Athens (AFP) - the Minister of Finance of Greece George Papaconstantinou, said Sunday that he was confident on the reception of the next tranche of aid, rejecting an article from German magazine throw doubt on the transfer.

The head of the Finance Ministers of the euro area, Jean-Claude Juncker, warned last week that International Monetary Fund may block the next edition of 12 billion dollars-euro ($17 billion), the fifth instalment in a 110-billion loan package euro agreed for the indebted countries.

Der Spiegel reported Sunday that the European Union will follow suit unless Athens is more to fix public finances.

Commissioner for Economic Affairs, Olli Rehn, told the magazine: "Europeans we are establishing the same conditions as the Monetary Fund International... que que The situation is very serious. ?

Papaconstantinou, said in a statement of the Ministry that negotiations and "they will be finalized in the coming days."

He added: "we have every reason to believe that these negotiations will be concluded positively for the country...". "It is to say that we will get the fifth opus."

According to Der Spiegel the EU will decide after reviewing the last quarterly audit of Greek public finances by the experts of the European Central Bank, the European Union and the IMF.

The audit will say that Athens is missing all the budget promises made last year in exchange for the rescue plan, the weekly said, without citing where he obtained the information.

The allegation "has no basis in reality for the main reason that the report does not exist yet... it has not yet been written, said Papaconstantinou.".

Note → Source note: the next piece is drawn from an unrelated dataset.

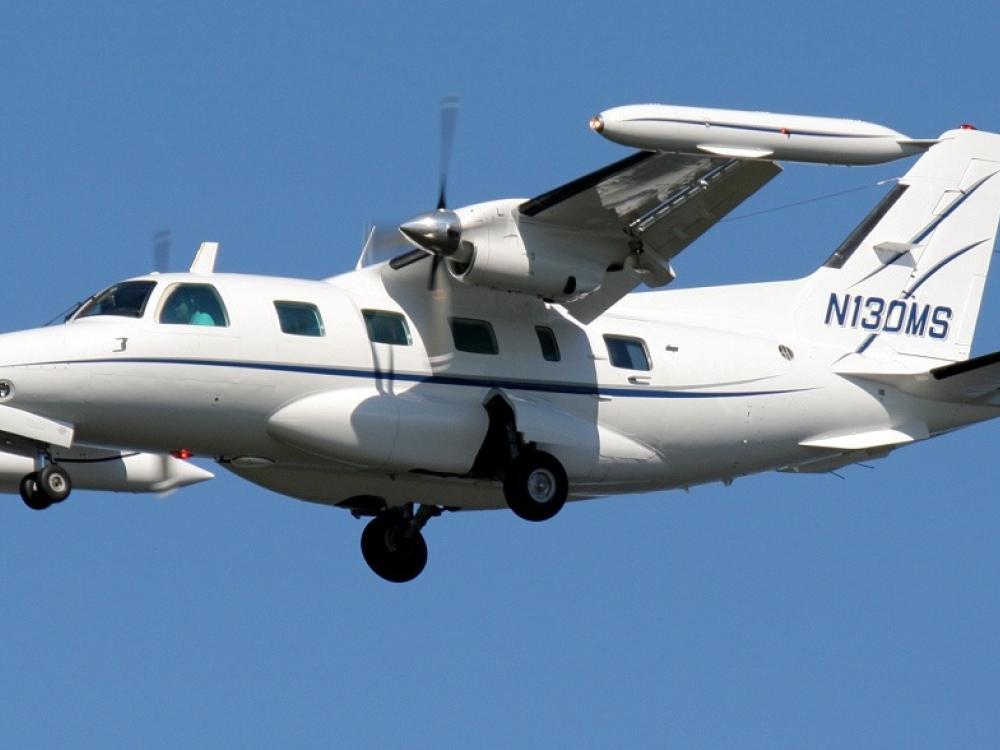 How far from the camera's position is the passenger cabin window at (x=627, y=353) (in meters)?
18.3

Friday, Greek political leaders do not agree on other austerity measures, but Prime Minister George Papandreou went to the television said his Government would "take the necessary measures."

The Greece was the first of the three members of the 17-nation euro zone need a billion dollars-euro bailout plan. Ireland and the Portugal have since follow-up costume and markets fear that Spain could possibly need help too.